Depuis que les courants, mouvements et partis islamistes ont vu leur étoile pâlir après être montée au firmament du printemps arabe, il aurait été logique que le PJD suive la même tendance au Maroc. Et même si le gouvernement islamiste n’est pas tombé après avoir perdu sa majorité parlementaire suite à la défection de l’Istiqlal et son basculement dans l’opposition, le parti de Benkirane devait en principe perdre une partie importante de sa popularité sous les coups de boutoir répétés de ses adversaires (Ilyas el Omari + Chabat + Lachgar) et aussi du fait des décisions impopulaires qu’il devait prendre et dont le citoyen devait payer le prix (Caisse de compensation, réforme des retraites, refus de l’augmentation des salaires), sans oublier toutes ces affaires sociétales, vraies ou non avérées, qui représentaient un certain embarras pour les islamistes, que l’on a si souvent considérés comme réactionnaires ou radicaux, face à une classe moyenne plus moderne et inscrite dans son temps.
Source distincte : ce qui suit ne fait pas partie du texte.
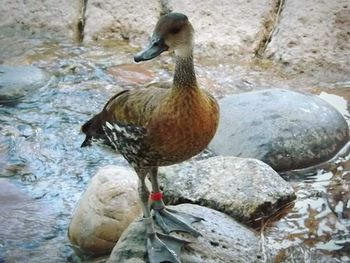 Close-up of mallard duck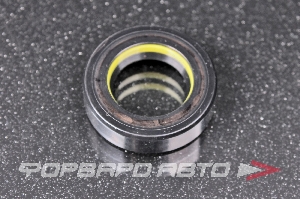 Сальник высокого давления 21*34*9 7V1 TCS F-00547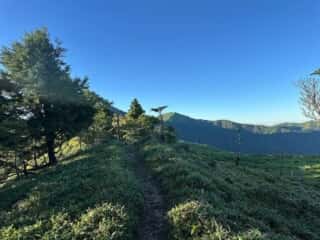 丸笹山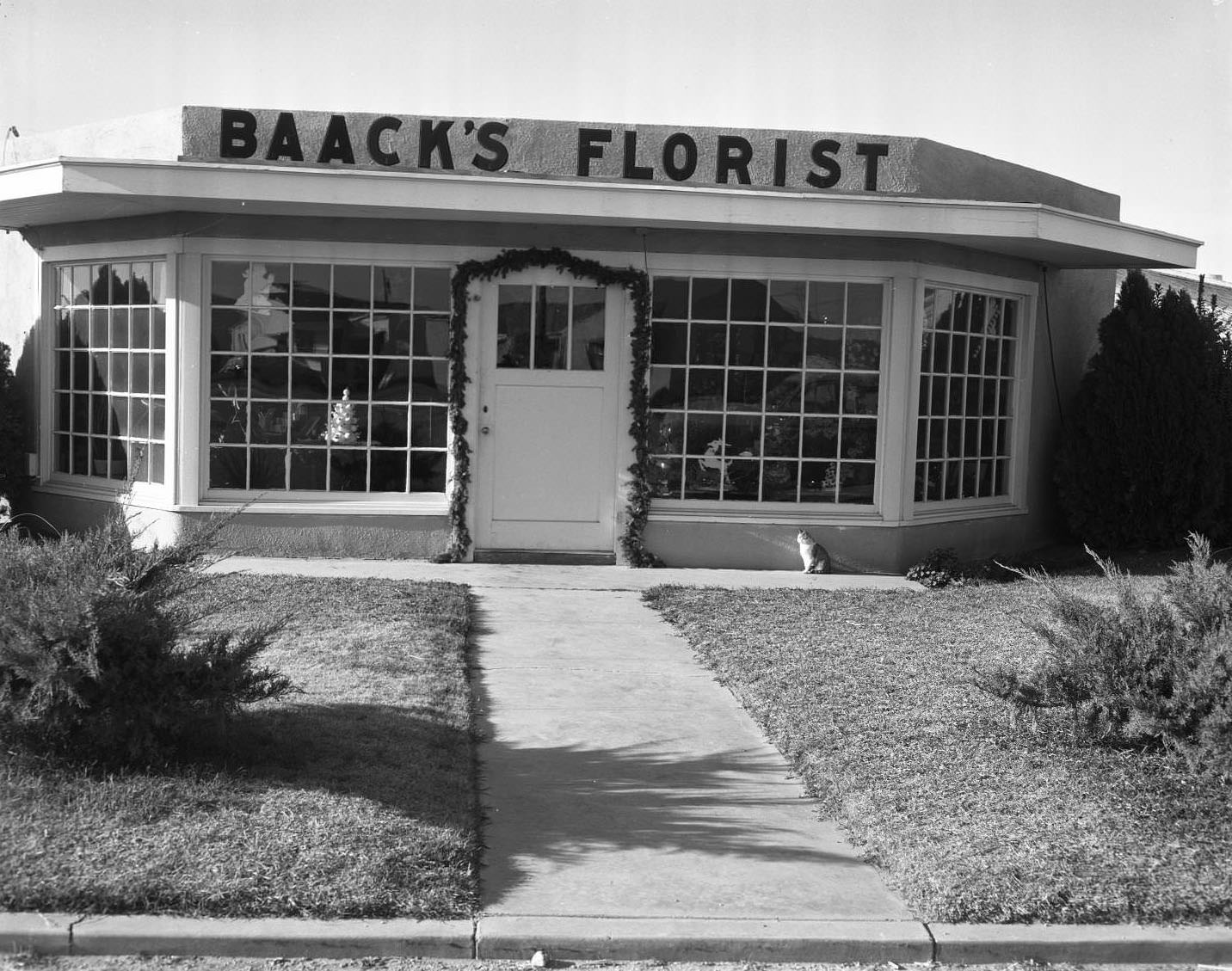 Baack's Florist, 1954. The building has a sign in front and large display windows. There is a cat sitting on the sidewalk in front of it.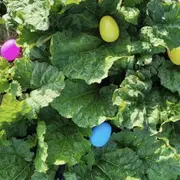 Chasse aux œufs et spectacle (aprem) Ferme de Coubert-Cueillette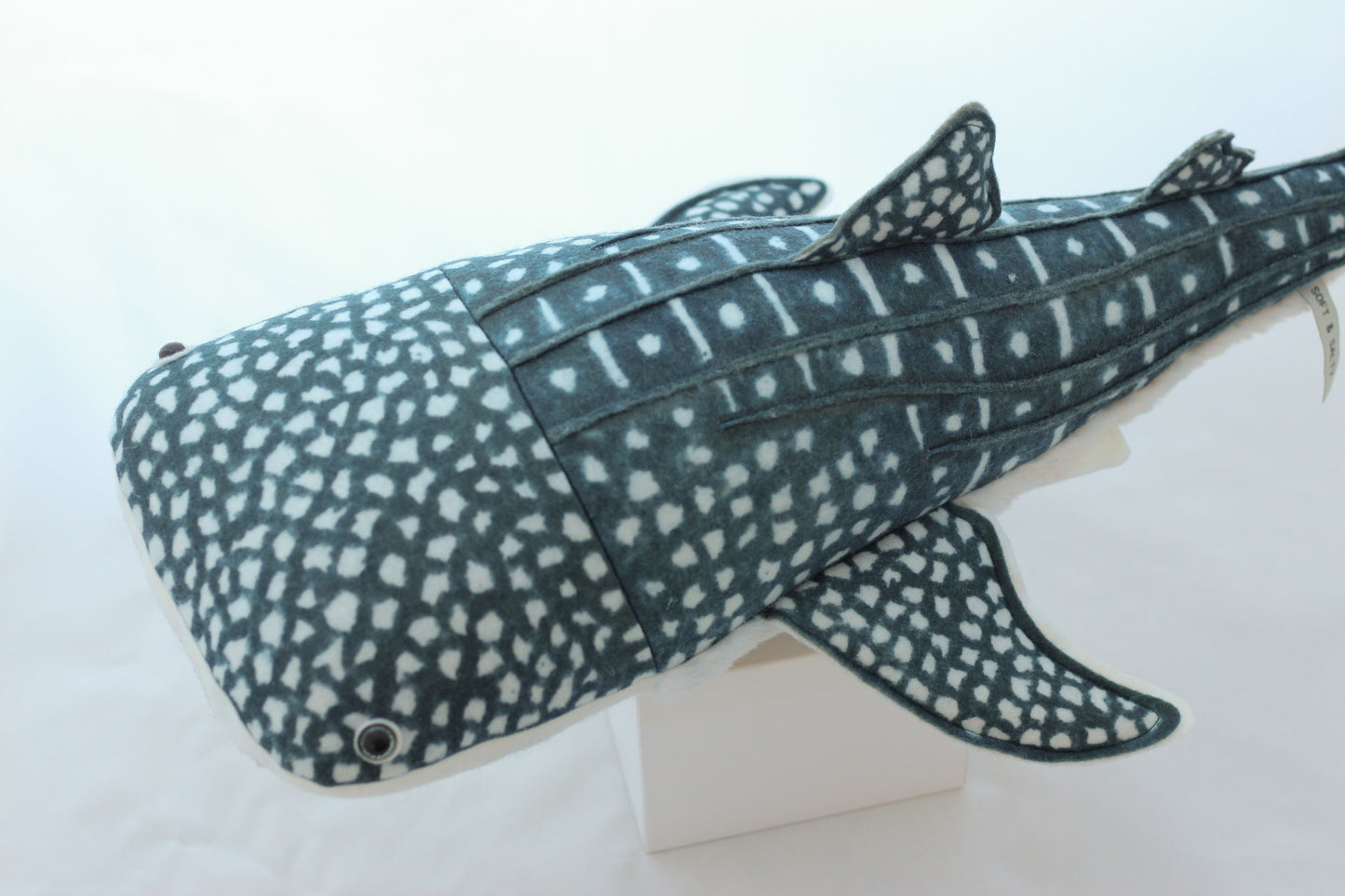 Winifred the Whale Shark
C’est à l’aune de cela que les résultats des élections communales et régionales ont constitué une grande surprise… en effet, non seulement les islamistes n’ont pas été sortis, mais ils ont engrangé des performances absolument contraires à ce qui était prévu, voire à ce qui avait été programmé de la part des adversaires politiques de Benkirane.
Et c’est pour cela qu’un processus particulier avait été enclenché dès le premier soir de ces résultats. Nous avons alors assisté à ces farces des alliances dans les villes et dans les régions puis, encore plus scandaleusement, dans la désignation des membres de la Chambre des conseillers. Disons-le… Ce qui s’est passé après le 4 septembre est bien plus important et grave que l’histoire du malheureux Fonds de développement rural, car des partis comptés dans la majorité gouvernementale se sont résolument rangés aux côtés du PAM, montrant, voire reléguant le gouvernement à un simple appareil de gestion des affaires courantes, attendant le scrutin législatif de 2016.
L’affaire du Fonds de développement rural entre dans le cadre de la sensibilité qu’il y aurait à voir le PJD investir les campagnes. Mais était-il vraiment nécessaire de recourir à toute cette « comédie » ? Je ne le pense pas. En effet, dans le cadre d’action qu’il s’est fixé et même dans toutes les grandes concessions faites par lui quant à ses attributions constitutionnelles, Benkirane aurait-il vraiment refusé la demande de confier la gestion de ce Fonds au ministère d’Akhannouch ? Je ne le pense pas non plus.
Mais bon, disons que les choses ne sont pas aussi graves qu’elles le peuvent paraître… Le litige du ministre avec son chef du gouvernement semble bien peu important, presqu’un détail, par rapport aux enjeux qui se posent et aux défis qui s’imposent, car le parlement pourra s’il le désire restaurer la gestion du Fonds à la présidence du gouvernement en amendant le PLF. Et s’il ne le fait, parce qu’il ne le peut pas, alors les élections à venir remettront encore une fois les pendules à l’heure, et ce seront au final les Marocains qui auront le dernier mot non seulement pour un Fonds qui n’est aujourd’hui doté que d’une partie des 55 milliards de DH, à savoir « seulement » 1,3 milliard, mais aussi et surtout pour l’orientation réformatrice au Maroc.
Et c’est là le grands fonds dont la valeur est inestimable.